Un capolavoro d'architettura
Sorta sulle ceneri di una chiesa del Duecento distrutta da un incendio, l'attuale struttura in stile gotico maturo è stata realizzata a tappe tra il 1378 e il 1508 circa. Le sue proporzioni gigantesche parlano da sole: 60 metri di lunghezza per 36 di larghezza. La navata centrale si arrampica fino a 24 metri d'altezza, mentre la monumentale Torre Nord tocca quota 60 metri. Nel corso dei secoli, l'edificio ha dovuto resistere a parecchi colpi duri: dai colpi d'artiglieria degli assedi di fine Quattrocento a un devastante incendio nel 1556, fino ai terremoti. Tra il 1877 e il 1896, l'architetto Imre Steindl ha guidato un imponente restauro neogotico per salvaguardare questo monumento storico.
Miracoli e leggende locali
La cattedrale divenne presto un'importante meta di pellegrinaggio a seguito di un miracolo eucaristico avvenuto verso la metà del Trecento. Si racconta che del vino consacrato versato per errore compose il volto di Cristo, un evento riconosciuto ufficialmente da papa Bonifacio IX nel 1402. Ma l'edificio è intriso anche di folklore popolare. Una celebre leggenda narra che i costruttori abbiano nascosto nella struttura una singola pietra chiave vuota: se venisse rimossa, l'intera cattedrale crollerebbe. All'esterno, un doccione medievale con le sembianze di una donna smorfiosa nasconde un retroscena personale: secondo la tradizione, il capomastro Stephan scolpì quella figura per svergognare pubblicamente la moglie, decisamente troppo incline ad alzare il gomito.
Rari tesori gotici
L'interno della cattedrale custodisce capolavori artistici e architettonici straordinari. L'Altare Maggiore di Santa Elisabetta, realizzato tra il 1474 e il 1477, sfoggia ben 48 dipinti su tavola distribuiti sulle sue ante mobili. Si tratta della più grande collezione europea di pittura gotica su tavola conservata in un unico polittico. Inoltre, la cattedrale ospita una scala a doppia elica in pietra della fine del Quattrocento che porta all'Oratorio Reale. Questo raro gioiello architettonico è una delle sole cinque scale elicoidali doppiamente avvolte dell'era gotica sopravvissute in Europa.
Un simbolo vivo
Ancora oggi la cattedrale è un luogo di culto attivo e la sede dell'arcidiocesi cattolica di Košice. Costituisce il cuore di un complesso storico unico insieme alla vicina Cappella di San Michele del Trecento e alla Torre Campanaria di Sant'Urbano, in stile rinascimentale. La cattedrale è aperta tutti i giorni per visite guidate o in totale libertà, che comprendono l'accesso agli interni e alla cripta. Se cerchi una vista panoramica su Košice, ti basta salire i 160 gradini della Torre Nord.
FAQ
Cosa rende famosa la Cattedrale di Santa Elisabetta?
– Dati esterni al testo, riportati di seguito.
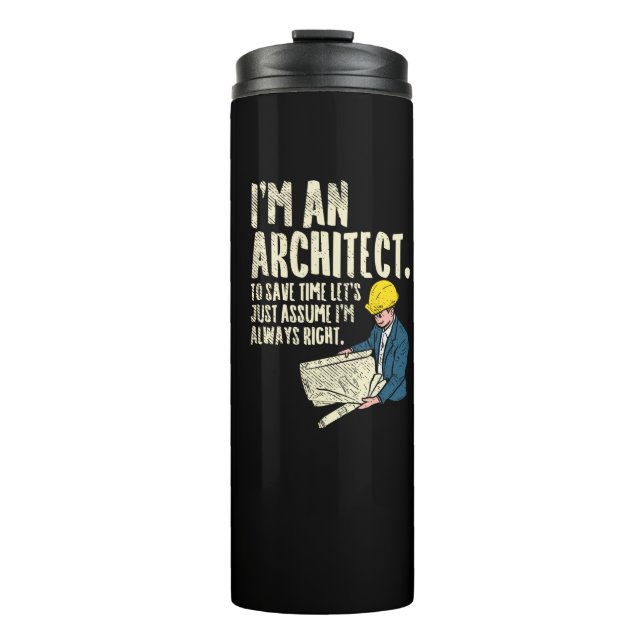 Architect - I'm An Architect Thermal Tumbler (Front)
È la chiesa più grande della Slovacchia e la cattedrale in stile gotico occidentale situata più a est in Europa, celebre per il suo imponente Altare Maggiore e la rara scala a doppia elica.
Quando è stata costruita la Cattedrale di Santa Elisabetta?
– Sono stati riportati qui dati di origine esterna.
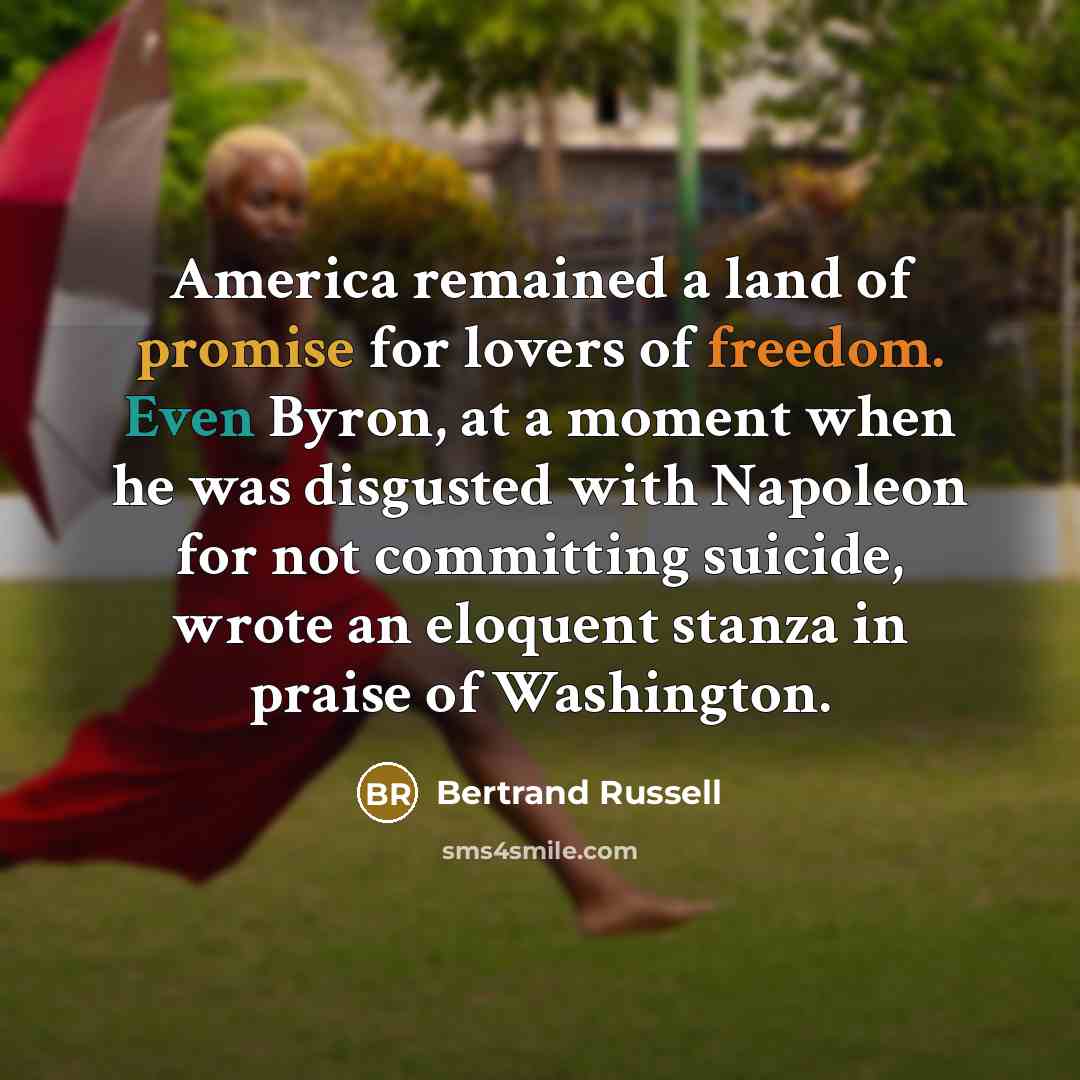 “America remained a land of promise for lovers of freedom.…” quote by Bertrand Russell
La costruzione dell'attuale edificio in stile gotico maturo è iniziata tra il 1378 e il 1380 ed è proseguita a fasi fino al 1508 circa, andando a sostituire una precedente chiesa del Duecento.
Si può salire sulla torre della Cattedrale di Santa Elisabetta?
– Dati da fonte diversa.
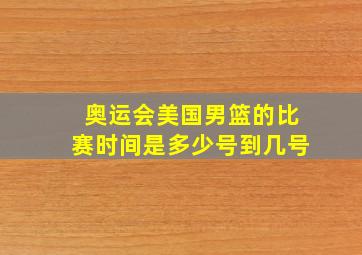 奥运会美国男篮的比赛时间是多少号到几号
Sì, puoi salire i 160 gradini della Torre Nord della cattedrale per goderti una vista panoramica sul centro storico di Košice.
Qual è la storia del doccione sulla cattedrale?
La tradizione locale racconta che un capomastro medievale, Mastro Stephan, scolpì un doccione esterno con le sembianze di una donna smorfiosa per svergognare pubblicamente la moglie alcolizzata.